Mit zunehmender Spieldauer wurden die Gäste mutiger. Kurz vor dem Pausenpfiff brauchte Atlético schließlich die ganze Klasse von Jan Oblak, der mit einer glänzenden Doppelparade gegen Chupe und David Larrubia den Rückstand verhinderte.

Nach dem Seitenwechsel erhöhte Simeones Elf den Druck deutlich. Ademola Lookman und erneut Mendoza vergaben erste gute Gelegenheiten, ehe der Trainer nach knapp einer Stunde mit einem Dreifachwechsel an den entscheidenden Stellschrauben drehte: Neben Alex Baena und Giuliano Simeone betrat auch Neuzugang Lee Kang-in den Platz.
Lee Kang-In bricht den Bann
Der Südkoreaner fügte sich direkt gewinnbringend ein. In der 70. Minute zog er von der rechten Seite nach innen und schlenzte den Ball präzise in den linken oberen Winkel – die erlösende 1:0-Führung für den Favoriten.

Der Treffer löste die Blockade im Spiel der Gastgeber. Zwar scheiterte Lookman wenig später an Herrero und Dávid Hancko setzte einen Kopfball an die Latte, doch kurz vor Schluss machte ein weiterer Joker alles klar: Alex Baena zirkelte einen Freistoß aus 25 Metern sehenswert unter die Querlatte zum 2:0-Endstand.
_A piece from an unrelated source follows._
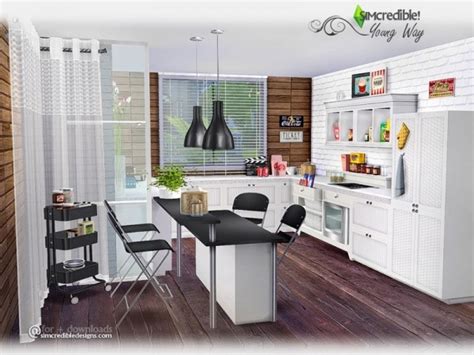 The Sims Resource Young Way Kitchen By Simcredible • Sims 4 Downloads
Zum Match-Center: Atletico Madrid vs. FC Malaga
Mit dem gelungenen Saisonstart unterstrich auch Diego Simeone seine persönliche Auftakt-Stärke in Spanien: In bislang 15 LaLiga-Auftaktspielen unter seiner Regie kassierte Atlético lediglich eine Niederlage (8 Siege, 6 Unentschieden).